STAR TREK: NEMESIS
Música composta e regida por
Jerry Goldsmith

Selo:
Varèse Sarabande
Catálogo:
66412
Ano: 2002

Faixas:
1. Remus
2. The Box
3. My Right Arm
4. Odds and Ends
5. Repairs
6. The Knife 
7. Ideals 
8. The Mirror 
9. The Scorpion 
10. Lateral Run 
11. Engage 
12. Final Flight  
13. A New Friend 
14. A New Ending
Duração: 48:36
Cotação:


Comentário de
J
orge Saldanha

 

Mesmo antes do lançamento desta partitura do veterano Jerry Goldsmith, começaram a “pipocar” na web comentários entusiasmados, muitos dos quais lia com sensação de estranheza.

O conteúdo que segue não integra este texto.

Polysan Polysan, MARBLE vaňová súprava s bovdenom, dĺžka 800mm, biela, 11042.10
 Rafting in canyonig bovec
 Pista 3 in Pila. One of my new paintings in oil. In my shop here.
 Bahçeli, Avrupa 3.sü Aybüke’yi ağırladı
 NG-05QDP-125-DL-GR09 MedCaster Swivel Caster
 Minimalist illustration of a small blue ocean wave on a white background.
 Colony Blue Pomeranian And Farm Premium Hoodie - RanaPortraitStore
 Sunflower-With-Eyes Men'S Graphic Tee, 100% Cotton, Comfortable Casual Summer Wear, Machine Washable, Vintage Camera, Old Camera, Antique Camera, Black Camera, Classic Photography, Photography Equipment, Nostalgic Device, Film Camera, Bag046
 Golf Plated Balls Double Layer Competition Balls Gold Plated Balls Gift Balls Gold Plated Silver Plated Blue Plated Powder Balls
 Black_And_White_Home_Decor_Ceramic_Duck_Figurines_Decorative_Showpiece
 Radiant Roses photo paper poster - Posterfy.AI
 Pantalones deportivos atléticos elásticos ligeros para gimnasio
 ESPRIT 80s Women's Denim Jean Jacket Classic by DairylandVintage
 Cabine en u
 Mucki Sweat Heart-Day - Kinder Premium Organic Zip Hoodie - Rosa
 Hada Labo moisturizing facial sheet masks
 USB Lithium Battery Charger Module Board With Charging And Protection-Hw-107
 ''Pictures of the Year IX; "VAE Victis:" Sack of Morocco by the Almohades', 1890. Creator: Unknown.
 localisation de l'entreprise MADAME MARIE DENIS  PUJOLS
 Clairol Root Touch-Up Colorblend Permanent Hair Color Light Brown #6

Porque parecia ser consenso geral de que a primeira metade da música ouvida no CD era definitivamente mediana, ao passo de que a segunda metade seria a melhor música de ação composta em anos pelo veterano maestro, nos moldes de Executive Decision e U. S. Marshals, filmes do mesmo diretor de Star Trek: Nemesis. Ah, e também houve o release da gravadora, que não poupou elogios ao trabalho de Jerry, classificado como “o maior score de Goldsmith para Jornada nas Estrelas desde Jornada nas Estrelas: o Filme”, “a partitura mais agressiva de Jornada nas Estrelas em todos os tempos”, “mais épica do que qualquer coisa que o lendário compositor já escrevera”, etc. Somente algum tempo depois é que pude racionalizar a respeito, e concluir que muito ou quase tudo que se estava escrevendo a respeito estava imbuído de forte conteúdo emocional, oriundo da divulgação, meses antes, de que o compositor estava em tratamento quimioterápico devido a um câncer na próstata. É como alguém disse em nosso fórum, temos de agradecer pelo “velho”, mesmo doente, ainda estar disposto a compor e reger a orquestra...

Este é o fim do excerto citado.